__Your goal__.
Exclude the pictures, then repeat exactly each line from the one containing "#BuSeninHikayen" to the final line of the records that follow.
Segment Start: Data for analysis
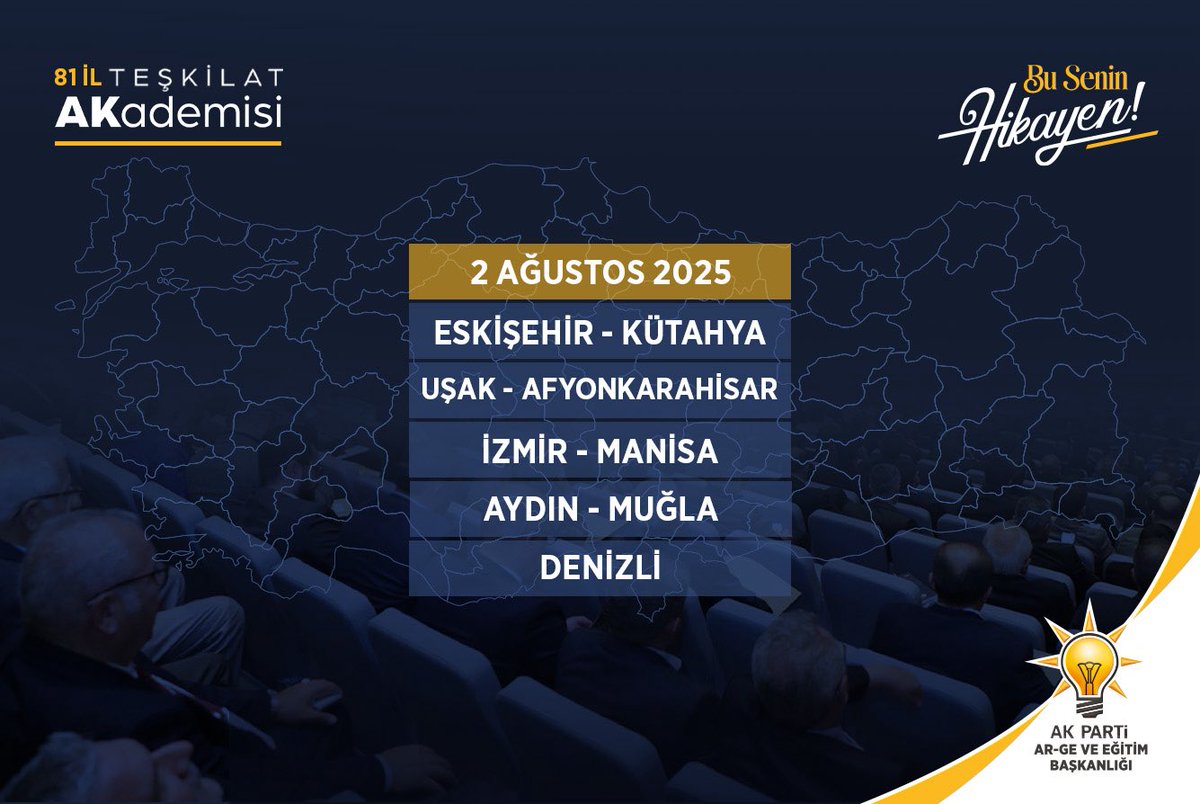 77/81 ✅

Teşkilat Akademisi eğitimlerimiz 2 Ağustos Cumartesi günü 9 ilimizde, teşkilatlarımızın yoğun ilgisiyle gerçekleştirildi.

#BuSeninHikayen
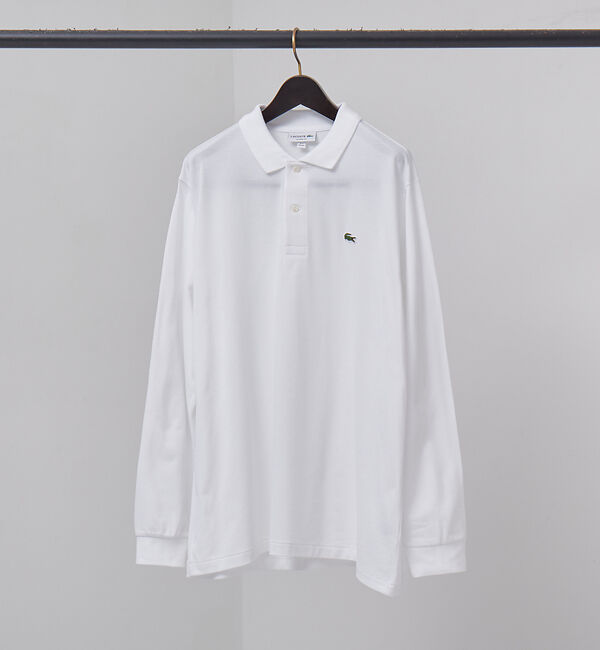 ABAHOUSE「【LACOSTE】ロゴ 長袖ポロシャツ」|ポロシャツ|ホワイト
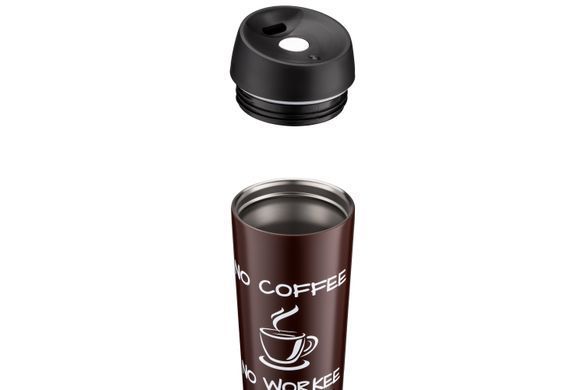 ARDESTO Термочашка Coffee Time 450 мл, нержавеющая сталь, коричневый AR2645CB фото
Segment End: Data for analysis
__Finished task__.
#BuSeninHikayen
 ABAHOUSE「【LACOSTE】ロゴ 長袖ポロシャツ」|ポロシャツ|ホワイト
 ARDESTO Термочашка Coffee Time 450 мл, нержавеющая сталь, коричневый AR2645CB фото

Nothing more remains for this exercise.